Peut-être que vous êtes arrivés sur cet espace, cette petite bulle sur internet parce que vous pensiez la même chose, parce que vous vous posez des questions sur cette maladie, parce que vous recherchez des réponses.
Laissez-moi vous parler de la fibromyalgie.
Je m’appelle Camille Lebrun et j’ai longtemps nié l’existence de cette maladie.
Étonnamment, combattre les effets de cette maladie et penser des solutions pour accroître le confort des malades est devenue ma vocation, comme une sorte de rédemption au service des personnes que je refusais de croire, parmi lesquelles, ma mère.

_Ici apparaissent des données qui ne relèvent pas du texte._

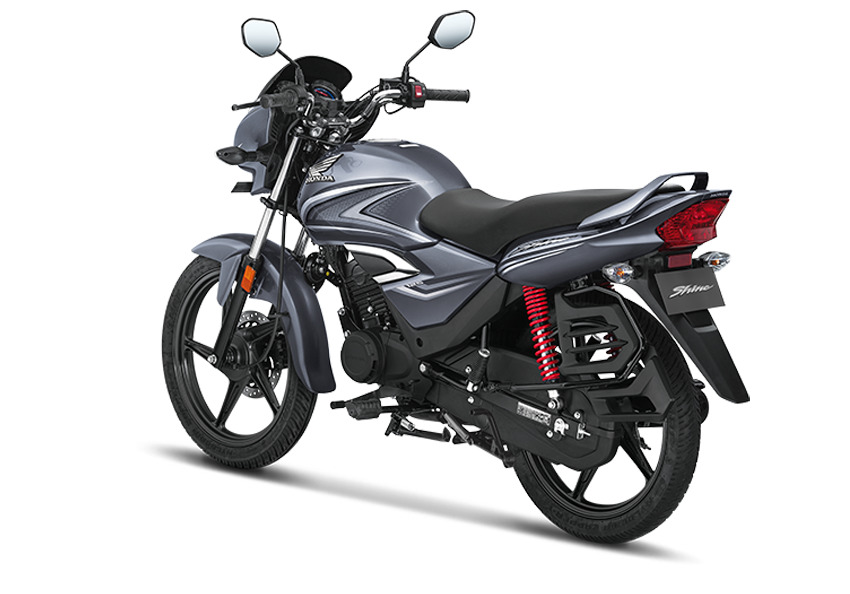 honda shine 125 2021 model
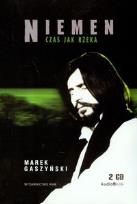 Okładka książki Niemen Czas jak rzeka 2CD - Audiobook
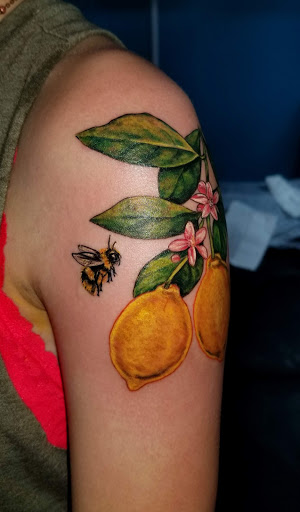 Explore real heart tattoo ideas, creative tattoo ideas in Chicago Ridge, available at Etched In Skin LLC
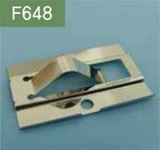 F648 電磁波シールド フィンガーストリップガスケット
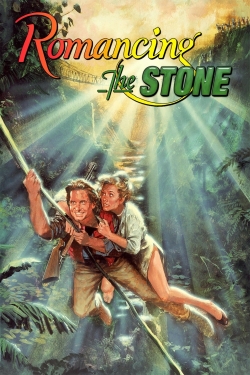 Watch Romancing the Stone (1984) Online FREE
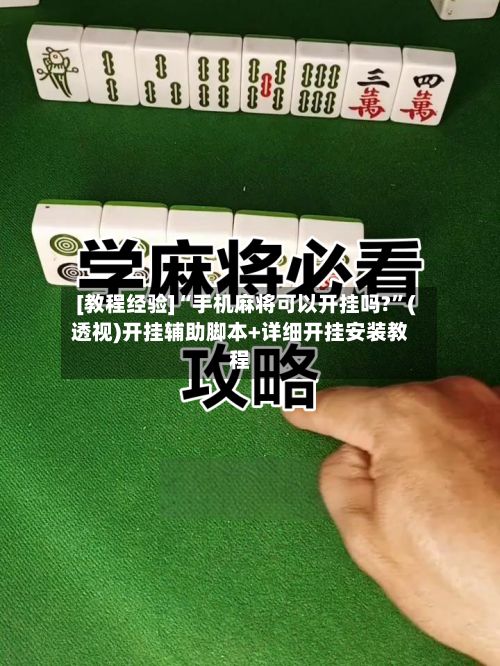 [教程经验]“手机麻将可以开挂吗?”(透视)开挂辅助脚本+详细开挂安装教程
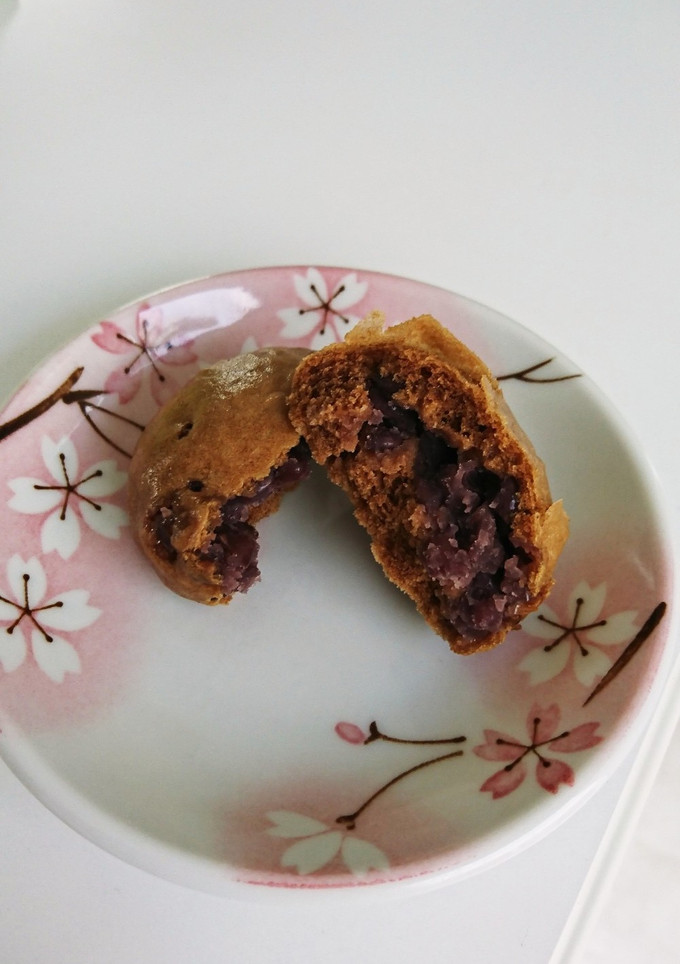 甘さ塩分控えめ＊粒餡＊-レシピのメイン写真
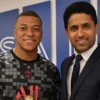 Mbappe: Terima Kasih, PSG!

Alors voici toute l’histoire.
Quelques années plus tôt, j’étais une jeune femme assez têtue, voire obstinée. Quand ma mère me disait que lorsqu’on l’effleurait, il arrivait qu’une douleur envahisse l’ensemble de son corps, je ne pouvais pas y croire. Elle était irritable, elle se plaignait constamment de tout : les odeurs, les lumières, les bruits, la température jamais à son goût...
Et puis plus ça allait, moins elle sortait de son lit, elle dormait beaucoup mais très mal, j’ai fini par croire que nos rapports dégradés l’avait conduite à une dépression alors j’ai fait quelques recherches. Et ces recherches m’ont mise face à mes propres torts.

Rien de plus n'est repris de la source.